- Opening Delimiter -
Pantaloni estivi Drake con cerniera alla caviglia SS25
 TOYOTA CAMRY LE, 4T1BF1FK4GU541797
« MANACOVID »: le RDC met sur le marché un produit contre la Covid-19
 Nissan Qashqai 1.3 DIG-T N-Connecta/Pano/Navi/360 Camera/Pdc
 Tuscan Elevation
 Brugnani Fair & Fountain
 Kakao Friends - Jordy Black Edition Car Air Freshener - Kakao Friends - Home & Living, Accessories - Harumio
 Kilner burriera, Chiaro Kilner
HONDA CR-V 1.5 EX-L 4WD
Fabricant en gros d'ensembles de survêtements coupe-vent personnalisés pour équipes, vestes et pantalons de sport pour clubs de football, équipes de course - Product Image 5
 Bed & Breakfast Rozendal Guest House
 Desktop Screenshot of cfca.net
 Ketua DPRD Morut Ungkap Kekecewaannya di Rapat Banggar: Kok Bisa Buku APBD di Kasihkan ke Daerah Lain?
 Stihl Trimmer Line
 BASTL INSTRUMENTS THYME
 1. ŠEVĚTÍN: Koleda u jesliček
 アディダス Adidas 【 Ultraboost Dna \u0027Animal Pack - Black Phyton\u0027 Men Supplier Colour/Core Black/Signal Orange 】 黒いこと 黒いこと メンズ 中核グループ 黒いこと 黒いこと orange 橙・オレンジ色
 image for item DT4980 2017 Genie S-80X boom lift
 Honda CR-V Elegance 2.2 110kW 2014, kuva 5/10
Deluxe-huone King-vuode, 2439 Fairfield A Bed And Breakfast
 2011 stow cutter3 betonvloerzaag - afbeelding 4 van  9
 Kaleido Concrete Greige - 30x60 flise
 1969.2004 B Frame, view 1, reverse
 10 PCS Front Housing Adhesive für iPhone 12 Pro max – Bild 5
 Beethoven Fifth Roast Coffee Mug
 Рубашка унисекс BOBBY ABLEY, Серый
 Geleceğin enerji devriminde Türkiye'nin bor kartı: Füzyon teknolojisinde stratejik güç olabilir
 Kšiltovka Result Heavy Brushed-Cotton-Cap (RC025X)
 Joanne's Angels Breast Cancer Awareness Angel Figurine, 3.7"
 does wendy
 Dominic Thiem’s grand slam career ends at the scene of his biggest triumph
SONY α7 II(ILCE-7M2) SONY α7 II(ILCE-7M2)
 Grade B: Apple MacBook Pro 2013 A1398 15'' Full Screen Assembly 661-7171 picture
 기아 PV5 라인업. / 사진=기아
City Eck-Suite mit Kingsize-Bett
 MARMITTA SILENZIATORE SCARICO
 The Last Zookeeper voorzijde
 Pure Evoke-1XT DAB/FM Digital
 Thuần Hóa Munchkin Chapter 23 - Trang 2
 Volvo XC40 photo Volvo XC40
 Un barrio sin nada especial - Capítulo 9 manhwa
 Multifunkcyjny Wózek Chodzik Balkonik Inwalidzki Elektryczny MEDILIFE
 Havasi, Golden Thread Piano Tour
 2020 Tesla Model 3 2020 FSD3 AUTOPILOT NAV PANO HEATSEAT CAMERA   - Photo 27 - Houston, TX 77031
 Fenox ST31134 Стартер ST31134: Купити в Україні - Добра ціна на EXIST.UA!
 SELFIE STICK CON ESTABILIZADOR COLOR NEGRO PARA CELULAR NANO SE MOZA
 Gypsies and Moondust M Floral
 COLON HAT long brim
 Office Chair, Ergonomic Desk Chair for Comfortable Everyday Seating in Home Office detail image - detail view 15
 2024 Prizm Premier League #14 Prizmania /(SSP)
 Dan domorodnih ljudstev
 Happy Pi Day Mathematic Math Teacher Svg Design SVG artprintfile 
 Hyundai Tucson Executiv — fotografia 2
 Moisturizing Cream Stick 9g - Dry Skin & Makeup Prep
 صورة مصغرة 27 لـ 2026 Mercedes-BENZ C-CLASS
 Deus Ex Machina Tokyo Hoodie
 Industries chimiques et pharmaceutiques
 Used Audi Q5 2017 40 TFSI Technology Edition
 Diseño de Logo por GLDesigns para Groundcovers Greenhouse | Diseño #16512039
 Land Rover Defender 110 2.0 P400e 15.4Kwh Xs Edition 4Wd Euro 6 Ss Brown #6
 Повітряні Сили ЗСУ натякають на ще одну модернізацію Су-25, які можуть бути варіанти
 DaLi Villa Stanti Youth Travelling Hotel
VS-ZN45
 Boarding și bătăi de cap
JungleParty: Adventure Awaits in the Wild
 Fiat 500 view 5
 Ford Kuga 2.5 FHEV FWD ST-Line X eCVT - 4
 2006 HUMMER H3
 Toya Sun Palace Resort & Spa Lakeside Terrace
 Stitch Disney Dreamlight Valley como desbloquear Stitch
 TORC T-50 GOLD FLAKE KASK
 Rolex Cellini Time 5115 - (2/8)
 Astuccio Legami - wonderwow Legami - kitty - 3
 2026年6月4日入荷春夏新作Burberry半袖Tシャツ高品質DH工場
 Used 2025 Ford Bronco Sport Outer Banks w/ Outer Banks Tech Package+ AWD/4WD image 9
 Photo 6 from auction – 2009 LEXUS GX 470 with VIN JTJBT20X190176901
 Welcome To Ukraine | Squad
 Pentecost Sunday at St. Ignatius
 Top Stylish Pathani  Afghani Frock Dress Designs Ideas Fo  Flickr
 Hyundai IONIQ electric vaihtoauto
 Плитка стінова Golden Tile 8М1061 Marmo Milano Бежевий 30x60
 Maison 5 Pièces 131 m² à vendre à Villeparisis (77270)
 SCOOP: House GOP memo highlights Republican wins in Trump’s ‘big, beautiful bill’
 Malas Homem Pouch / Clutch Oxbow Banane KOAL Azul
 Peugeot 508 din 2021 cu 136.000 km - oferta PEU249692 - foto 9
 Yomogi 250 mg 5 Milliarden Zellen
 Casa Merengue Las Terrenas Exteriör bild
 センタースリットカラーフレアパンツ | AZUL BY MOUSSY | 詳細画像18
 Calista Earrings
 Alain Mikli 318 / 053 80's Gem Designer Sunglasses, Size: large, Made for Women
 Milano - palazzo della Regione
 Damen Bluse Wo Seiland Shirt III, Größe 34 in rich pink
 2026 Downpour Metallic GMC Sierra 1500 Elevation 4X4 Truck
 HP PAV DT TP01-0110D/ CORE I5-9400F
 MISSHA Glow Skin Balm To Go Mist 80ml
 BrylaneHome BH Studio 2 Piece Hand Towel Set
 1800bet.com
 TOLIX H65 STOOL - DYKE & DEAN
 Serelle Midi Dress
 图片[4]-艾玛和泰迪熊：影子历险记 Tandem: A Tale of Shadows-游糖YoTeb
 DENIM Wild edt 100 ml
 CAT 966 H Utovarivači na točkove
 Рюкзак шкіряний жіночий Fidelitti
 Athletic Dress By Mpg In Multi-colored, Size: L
- Closing Delimiter -
What you are asked to do — Show every line of the listing that includes the word "Edition".

Response below —
 Kakao Friends - Jordy Black Edition Car Air Freshener - Kakao Friends - Home & Living, Accessories - Harumio
 Used Audi Q5 2017 40 TFSI Technology Edition
 Land Rover Defender 110 2.0 P400e 15.4Kwh Xs Edition 4Wd Euro 6 Ss Brown #6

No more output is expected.